GOAL OF THE EXERCISE: Return the line that has "Ulla Popken Glitter" and all lines below it through the last, exactly as they stand; omit pictures.

EXTRACTED MATERIAL Block Start

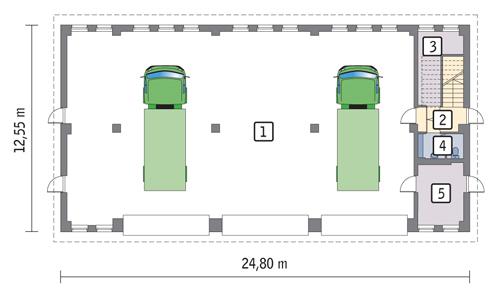 Rzut parteru lustro POW. 268,2 m²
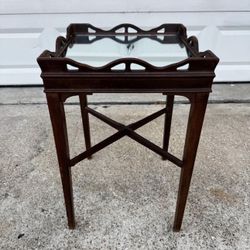 Vintage Wood Side Table w/ Glass Top – Solid & Elegant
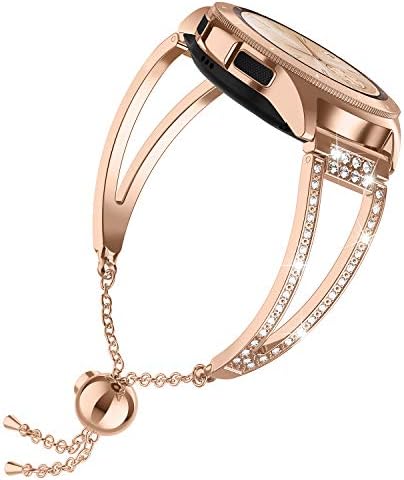 TOYOUTHS Rose Gold Bling Jewelry Bracelet Compatible with Samsung Galaxy Watch Band 4 40mm 44mm/Watch 4 Classic 42mm 46mm/Watch 5 40mm 44mm/Watch 5 Pro 45mm/Active 2 40mm 44mm/Watch 3 41mm/20mm watch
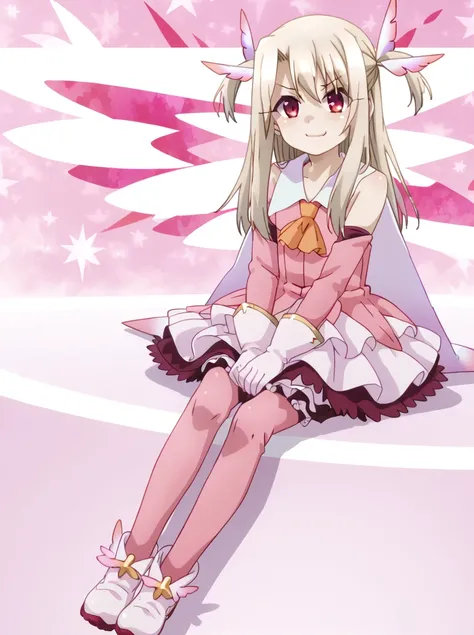 detailed background, shiny skin, rating safe, posing, 
<lora:illya.pony:1>,
illya,
sit, shoes, legs behind, smug,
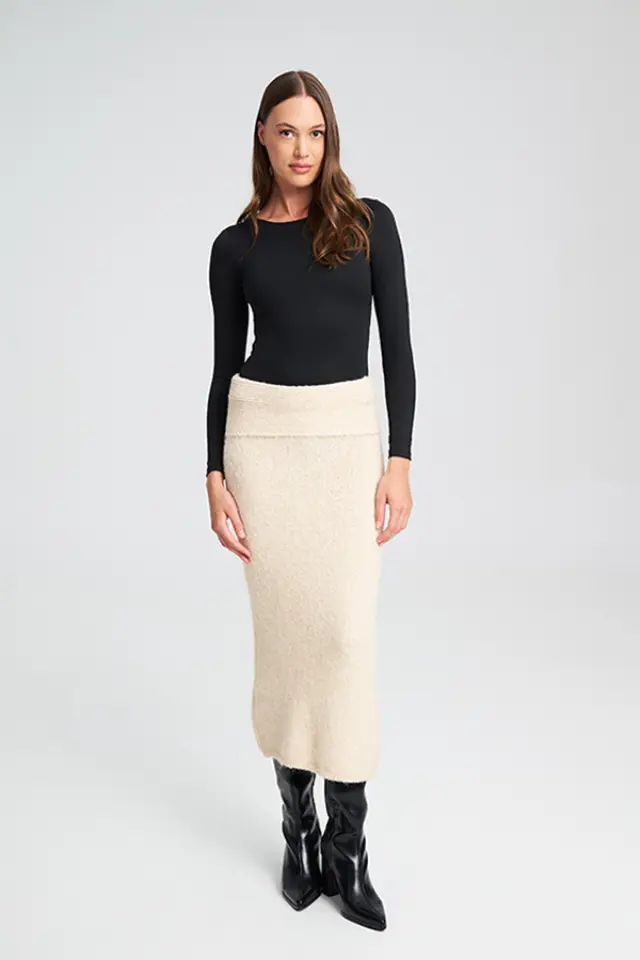 Πλεκτή Μάξι Φούστα CARAMEL KNITTED SKIRT - XS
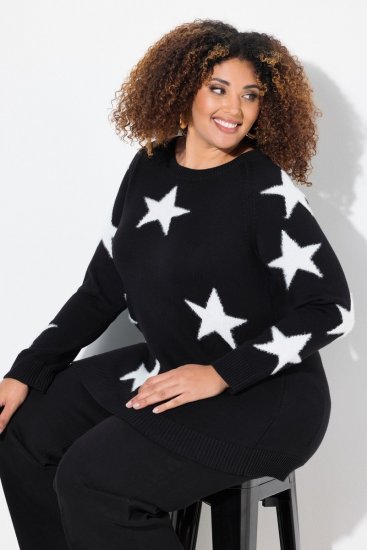 Ulla Popken Glitter Stars Soft Knit Sweater Black - Felpe & felpe con cappuccio - Felpe, Hoodie e Maglieria Calda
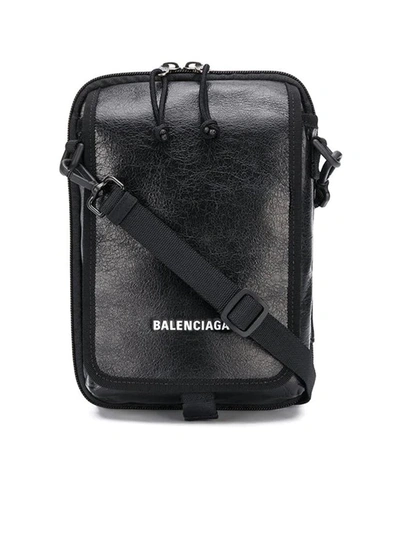 Shop Balenciaga Explorer Crossbody Pouch In Black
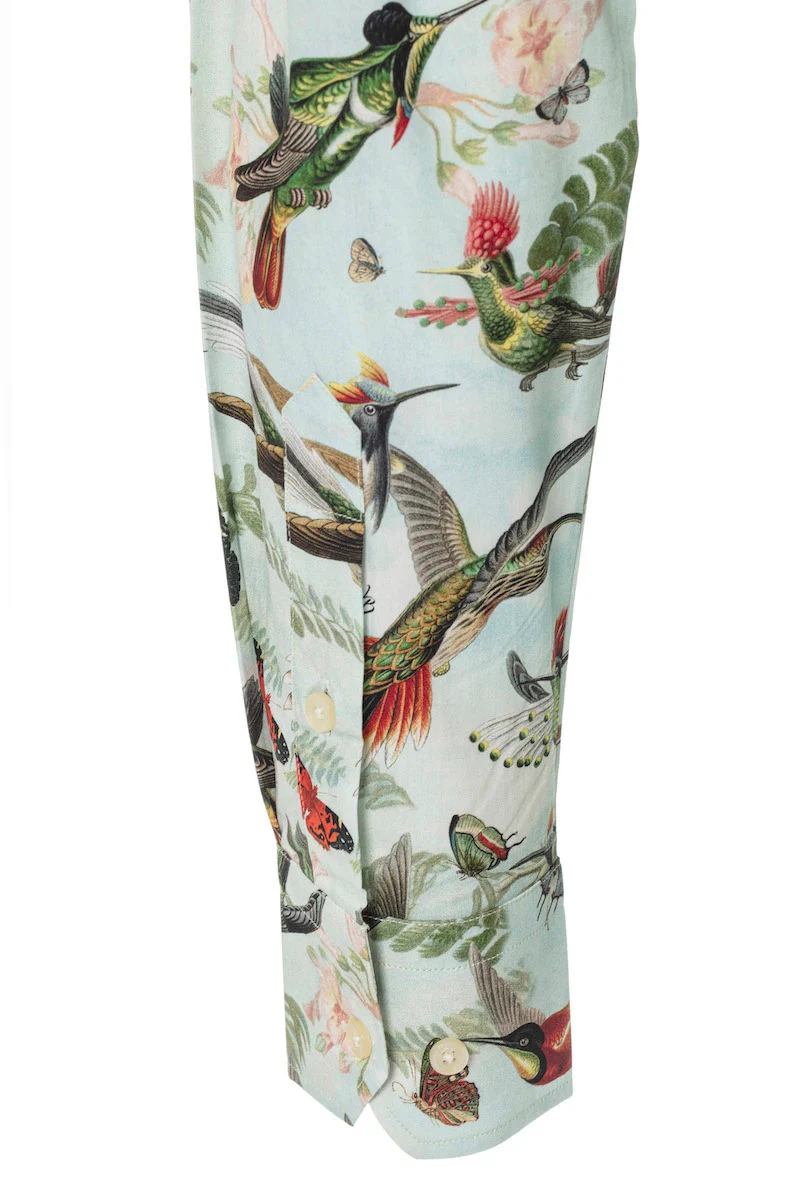 Hummingbirds Printed Long Sleeve Shirt for Men
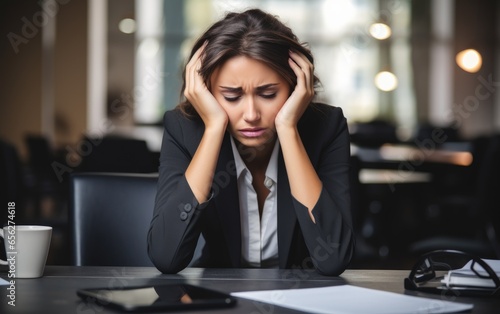 Stressed business woman und...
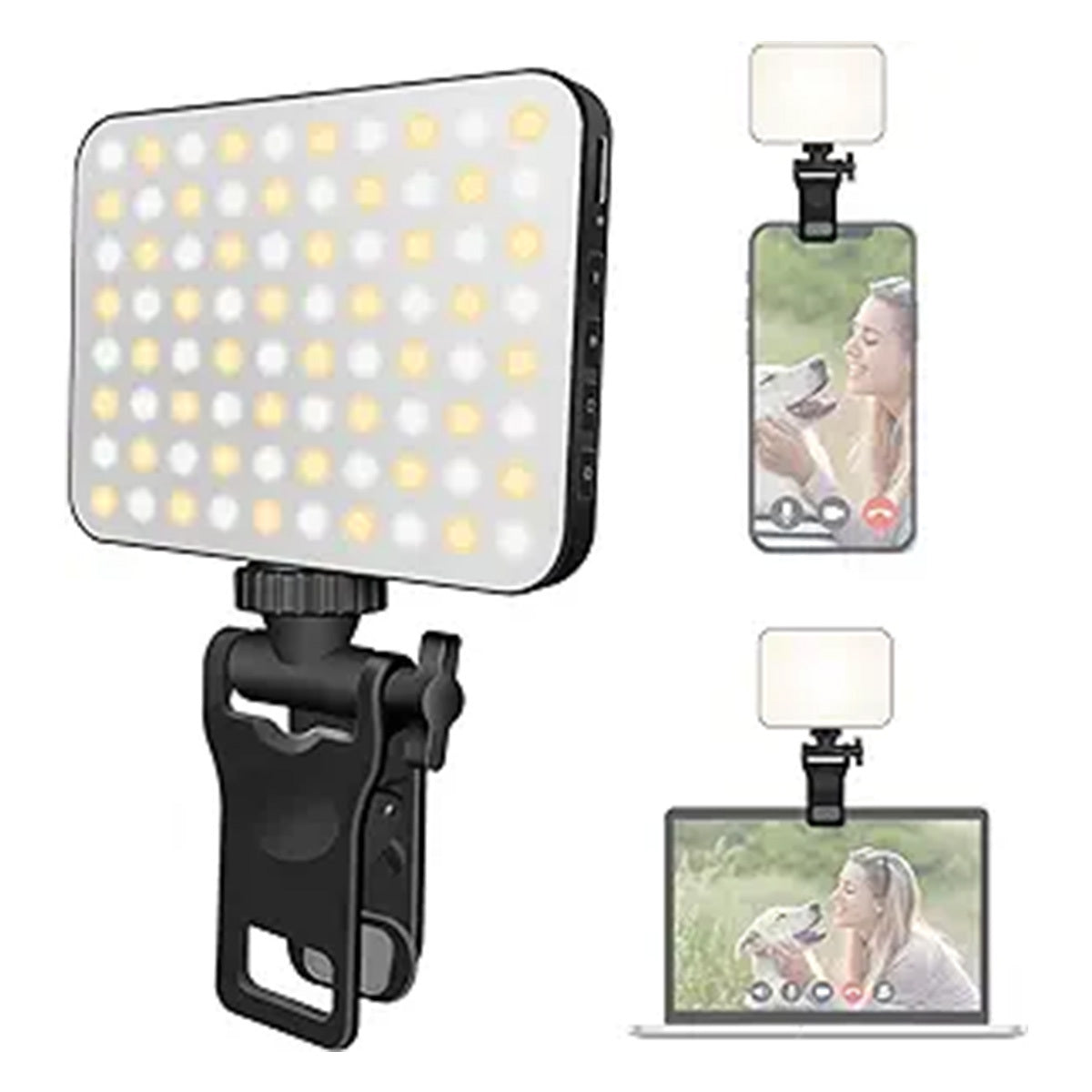 CN,Rechargeable Selfie Light, Clip Fill Light For Phone Laptop Tablet Portable Light For Video Conference Live Streaming Zoom Call Makeup Picture White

EXTRACTED MATERIAL Block End

WRITTEN SOLUTION:
 Ulla Popken Glitter Stars Soft Knit Sweater Black - Felpe & felpe con cappuccio - Felpe, Hoodie e Maglieria Calda
 Shop Balenciaga Explorer Crossbody Pouch In Black
 Hummingbirds Printed Long Sleeve Shirt for Men
 Stressed business woman und...
 CN,Rechargeable Selfie Light, Clip Fill Light For Phone Laptop Tablet Portable Light For Video Conference Live Streaming Zoom Call Makeup Picture White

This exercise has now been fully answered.